Reciprocal Frame Structures
Jens Hübertz Larsen, MSc, MIStructE
2022-06-01 6:45:00
Overview of Structural Behavior, Challenges, and Opportunities
Reciprocal frames (RF) are a family of structures that increasingly are attracting interest from many participants in the construction industry. They offer architectural opportunities through their expressive form and structural advantages due to their specific configuration. This article describes what makes this type of structure so different from other systems.
A possible definition of a reciprocal frame is a grid of linear members where each member simultaneously supports and is supported by its neighboring members. Therefore, the members are structurally interdependent and in a structural hierarchy of equal importance. Although the basic RF configurations are typically used to enclose a regular rectangular/polygonal plan form, current built cases have also presented reciprocal frames with irregular shapes. Up-to-date digital design tools enable a broad spectrum of opportunities for RFs, facilitating the design and fabrication of complex RF geometries and building typologies for diverse purposes.
Reciprocal frames have been known for centuries, and there are numerous examples from the Middle Ages, Renaissance, and later periods from studies/drawings and built examples. Traditionally these frames were made of wood, the most readily available linear building material. They were used in buildings and bridges for permanent and temporary structures. Reciprocal frames are also known under the term nexorades in some literature. The British inventor Graham Brown built a number of reciprocal frames and coined the term reciprocal frames in the 1980s. However, it was only much later that the structures were researched and analyzed in depth.
Historically they were used in flat beam systems for forming floors in covered spaces where the span exceeded the available timber lengths, spanning over circular or rectangular spaces, as illustrated by Sebastiano Serlio (Figure 1). Leonardo da Vinci sketched reciprocal frames as temporary bridges using a system of timber beams to create a simple structure with relatively short timber members and simple connections, which would have been easy to construct (Figure 2). The timber members are used as they are, without any cuttings/notches, and are simply held together through friction.
The RF has also been used for curved structures such as vaults or domes. The Zollinger frame, developed by the German engineer Friedrich Zollinger and patented in 1926, is also a type of RF structure. The Zollinger frame can form a vault by using short lengths of timber that are connected at the half-points with equal elements forming rhombic (diamond) shapes. The connection of RF beams occurs at the same level, unlike a typical RF structure where the beams are sitting on top of each other after transferring the loads through notched carpentry connections.

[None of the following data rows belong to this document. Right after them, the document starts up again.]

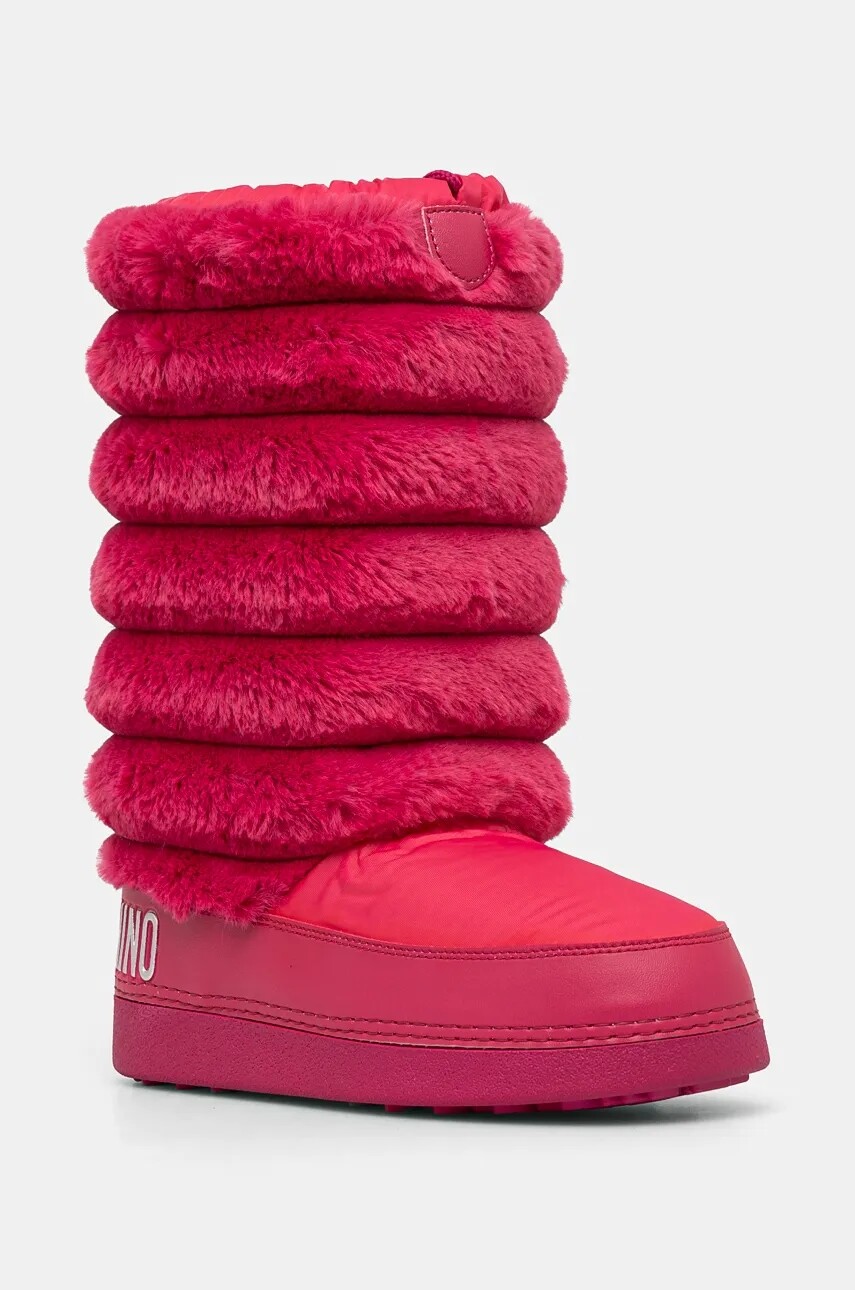 Snehule Love Moschino ružová farba, JA24312G0LISH626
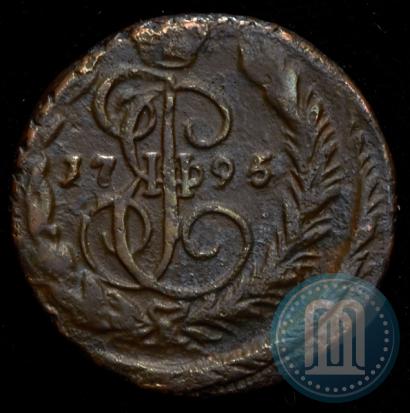Picture 1 kopeck 1795 year  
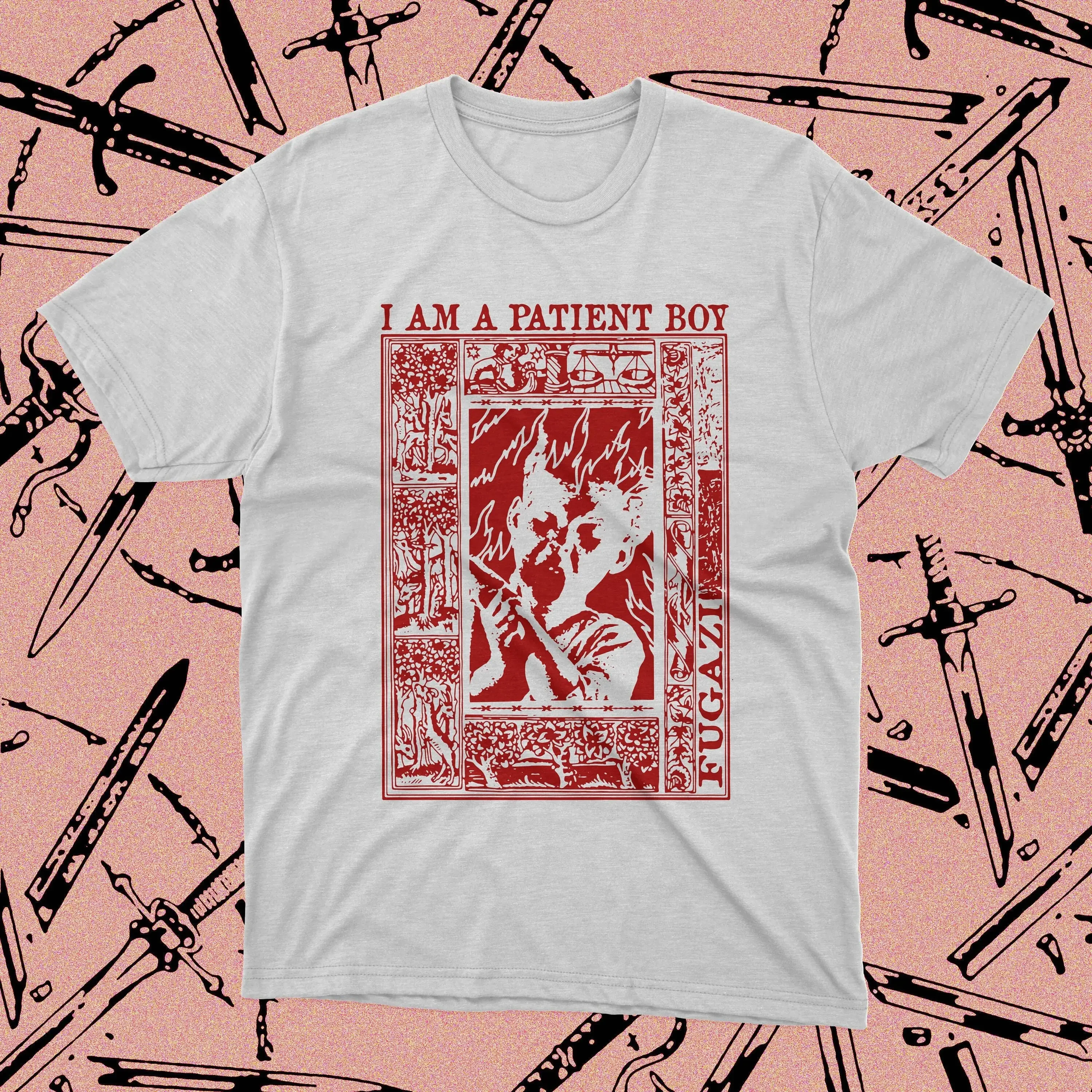 Camiseta Fugazi Post Harcore Punk Dead Kennedys fontaines Pin parche Joy Division New Wave Wire Idles The Smiths XTC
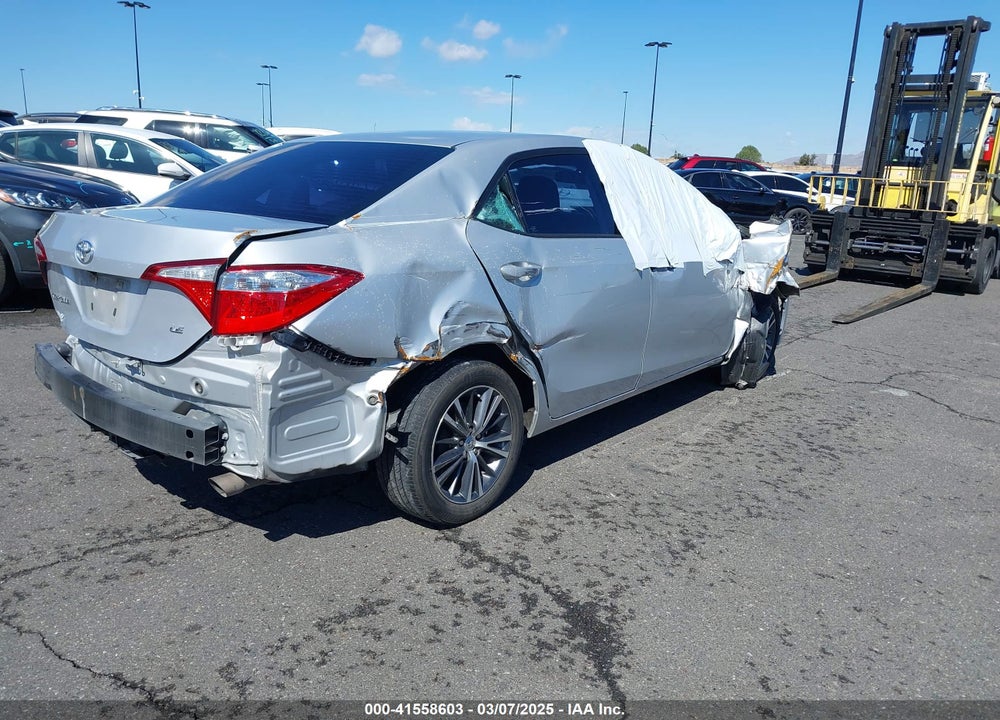 2016 TOYOTA COROLLA VIN: 5YFBURHE1GP437216
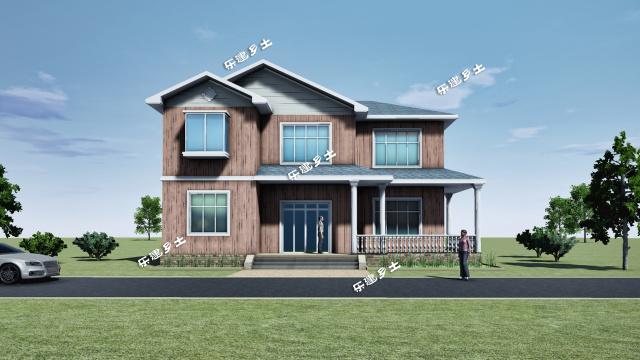 二層木屋別墅設計案例分享，親近大自然！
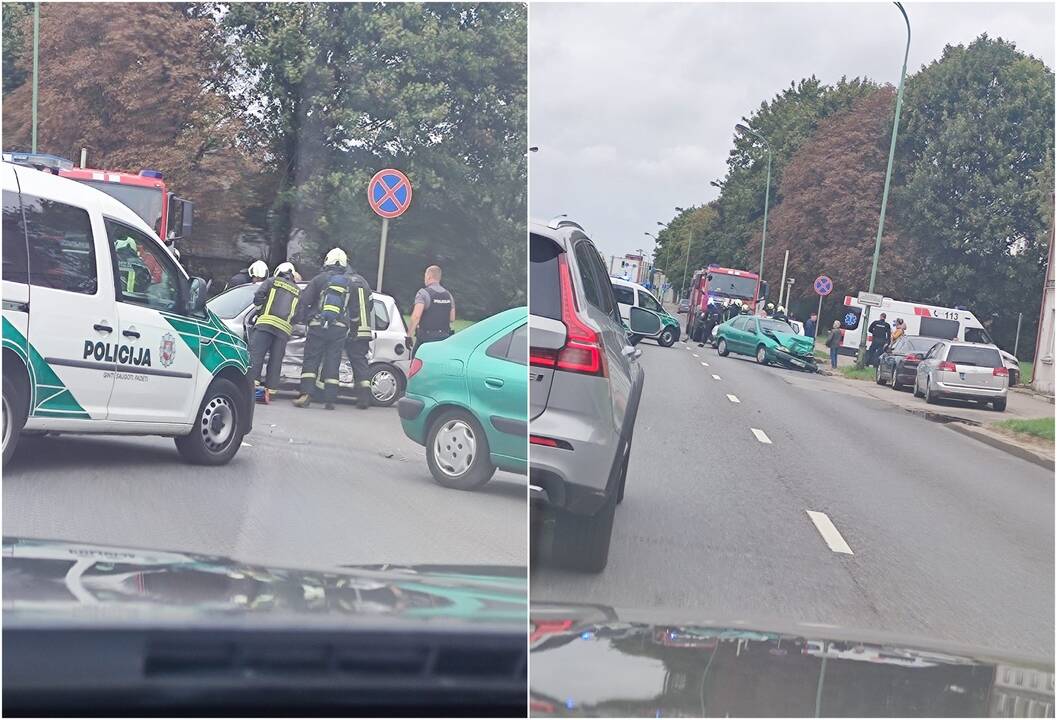 Avarija vienoje judriausių Klaipėdos gatvių: nukentėjo pagyvenę vairuotojai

As a result, the load path in the Zollinger frame is more direct than in ordinary RFs because the members are at the same level due to the connections. Therefore, compression is dominant. Figure 3 is a drawing of a built Zollinger Frame, Alvaro Siza’s pavilion for the Serpentine Gallery in London constructed in 2005. The structure uses a common type of connection detail where all members are connected in the same plane, thus avoiding eccentricity and ensuring an efficient load transfer. However, the members are connected with a small offset in the plane, simplifying the execution of the connection (Figure 4).
In recent years RF structures have been used relatively frequently in Japan, building on a long tradition that has utilized timber and traditional connections. A prominent example is the Seiwa Puppet Theatre, Kumamoto, Japan, by architect Kazuhiro Ishii (Figure 5). The puppet theatre forms part of a cultural center with several buildings consisting of various reciprocal frame types.
What Makes Reciprocal Frames Special?
The simplest reciprocal frame consists of at least three linear members connected in a circular way to form a flat or pitched structure spanning a triangular or round plan space (Figure 6). The simple three-member structure can be expanded with more beams to form a roof over rectangular or polygonal spaces. When the members are connected, a multifaceted area is formed. For the simple three-member frame, this is a triangular area; for a six-member frame, the space forms a hexagon.
The simple frames described above can be connected to create complex structures, such as domes, vaults, or free-form structures. For example, a small team erected a complex reciprocal frame structure in Copenhagen in 2017 using only handcraft and no machinery
(Figure 7). The structure was erected in just 15 minutes. Note that the relatively low friction between the timber members and the paved street surface is sufficient to stabilize the structure.
Materials
In principle, all materials such as concrete, timber, or steel can be used in RFs. However, in practice, timber is best suited to the structural type because of its natural linear form. Thus, unsurprisingly, the majority of RF-built examples are in timber. In addition, especially at present, RF research focuses on timber because it is versatile and sustainable. Current RF research explores the possibilities of using short-length, re-used timbers to construct reciprocal frames, which further reduces the already low carbon footprints of RF structures.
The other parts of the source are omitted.